BALITANG SENIOR
France seeks transfer from Indonesian death row of French senior citizen
.jpeg)
French national Serge Atlaoui who has been in death row in Jakarta, Indonesia on Drug charges. (Photo from France 24)
12/28/24, 8:09 AM
By Tracy Cabrera
JAKARTA, Indonesia — Encouraged perhaps by the return of convicted overseas Filipina worker (OFW) Mary Jane Veloso to the Philippines, France has followed suit by requesting Indonesian authorities to transfer a countryman who has been imprisoned in death row on drug charges for nearly 20 years.
French national Serge Atlaoui, a 61-year-old welder from Metz in France's northeastern Grand Etz region, was arrested in 2005 in a drugs factory outside Jakarta where authorities accused him of being one of the laboratory's chemist 'cooking' the illegal drugs.
Indonesia has some of the world’s toughest drug laws, including the death penalty for traffickers and has executed foreigners in the past. But reports showed that most of those convicted were actually innocent victims who unfortunately got involved unknowingly with notorious drug traffickers who used them either as 'mules' or had marital relationships with them.

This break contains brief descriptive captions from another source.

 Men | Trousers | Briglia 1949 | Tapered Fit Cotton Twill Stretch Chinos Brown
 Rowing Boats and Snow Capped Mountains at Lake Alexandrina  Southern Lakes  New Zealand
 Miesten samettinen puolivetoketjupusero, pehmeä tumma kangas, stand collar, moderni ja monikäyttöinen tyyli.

In the past month or so, the Indonesian government has agreed to transfer a series of high-profile foreign detainees in death row, including Veloso and the last five members of the infamous drug ring known as ‘Bali Nine’.
“We have received a formal letter requesting the transfer of Serge Atlaoui,” senior Indonesian law and human rights minister Yusril Ihza Mahendra disclosed in an interview with Agence France-Presse (AFP).

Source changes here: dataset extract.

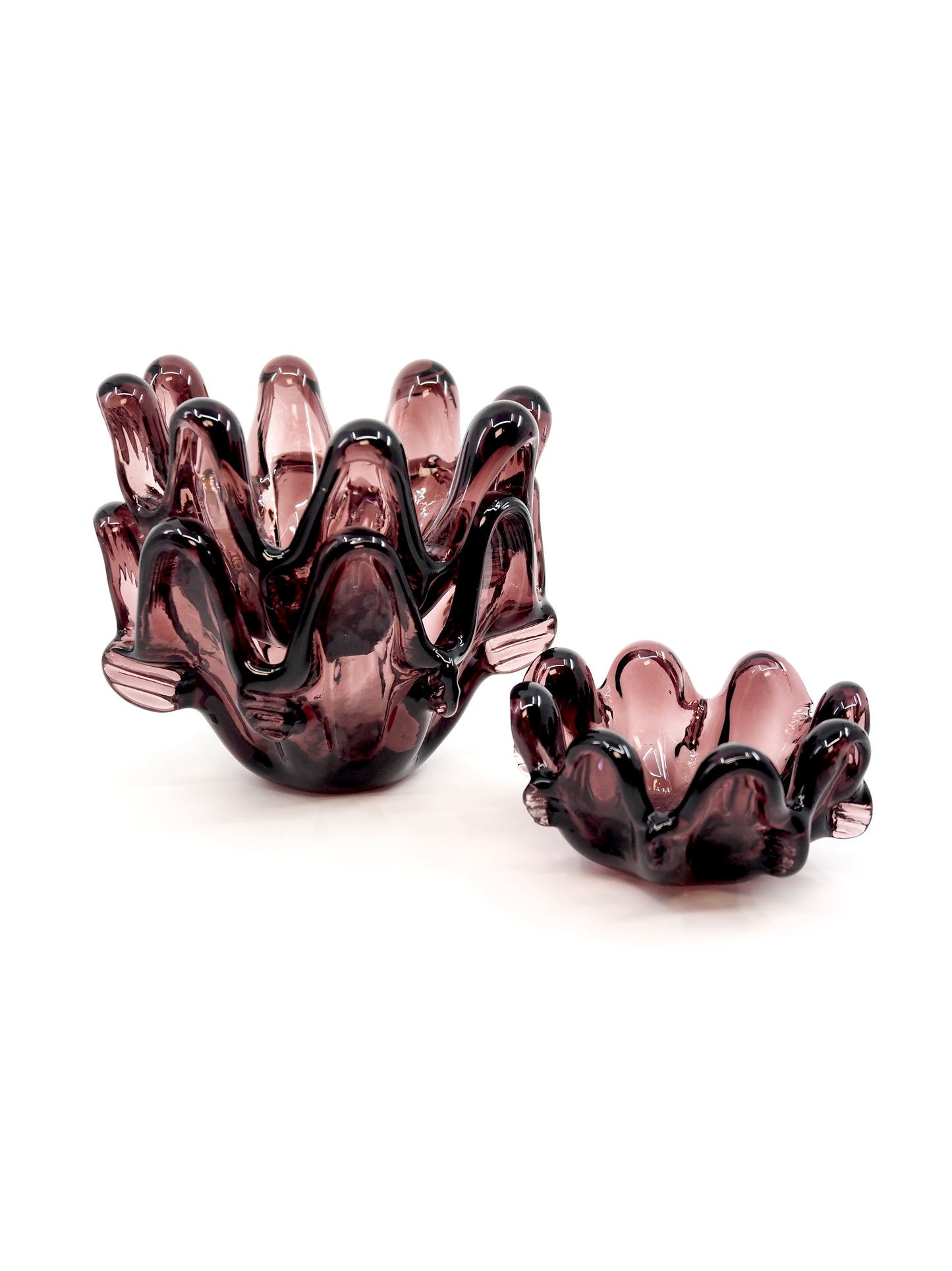 Amethyst Hand Blown Italian Art Glass Splash Rim Bowls, Set of 3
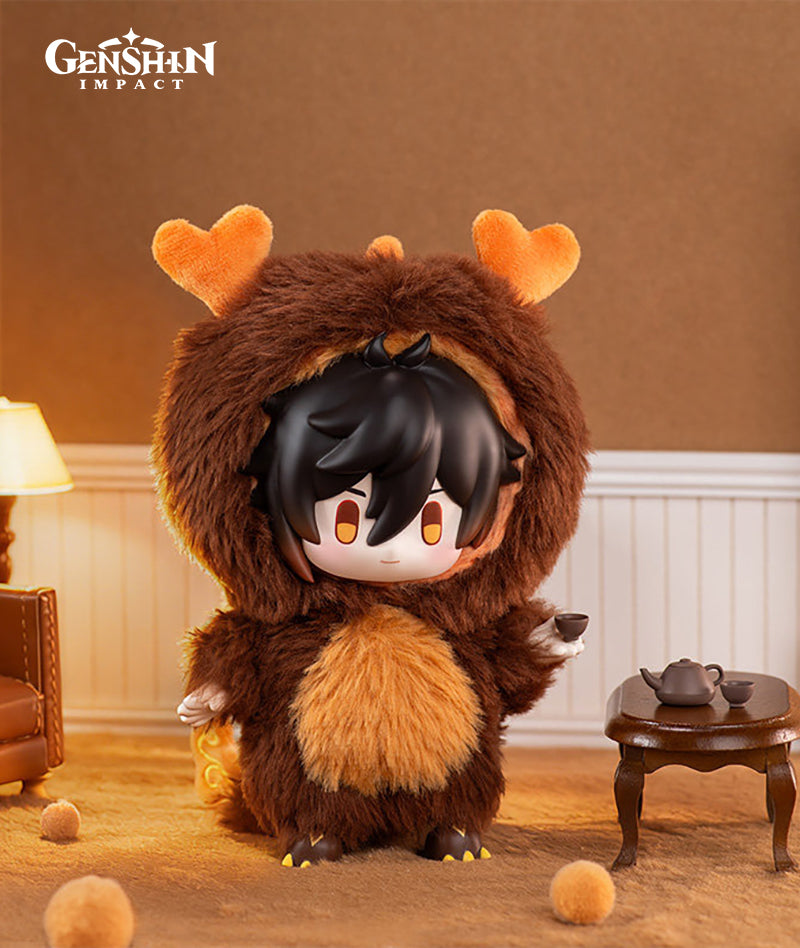 [Official Merch] Genshin Impact Winter Nesting Series Plush Keychains - Klee & Zhongli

Yusril added that the request from the French government would be discussed in “early January” after the holidays.
Similar with Veloso's case, Atlaoui has maintained his innocence, claiming that he was installing machinery in what he thought was an acrylics plant which he did not know was a drug laboratory.
He was initially sentenced to life imprisonment, but the Indonesian Supreme Court increased the sentence to death on appeal in 2007.
Despite ongoing negotiations for prisoner transfers, the Indonesian government recently signaled that it will resume executions—on hiatus since 2016—of drug convicts on death row.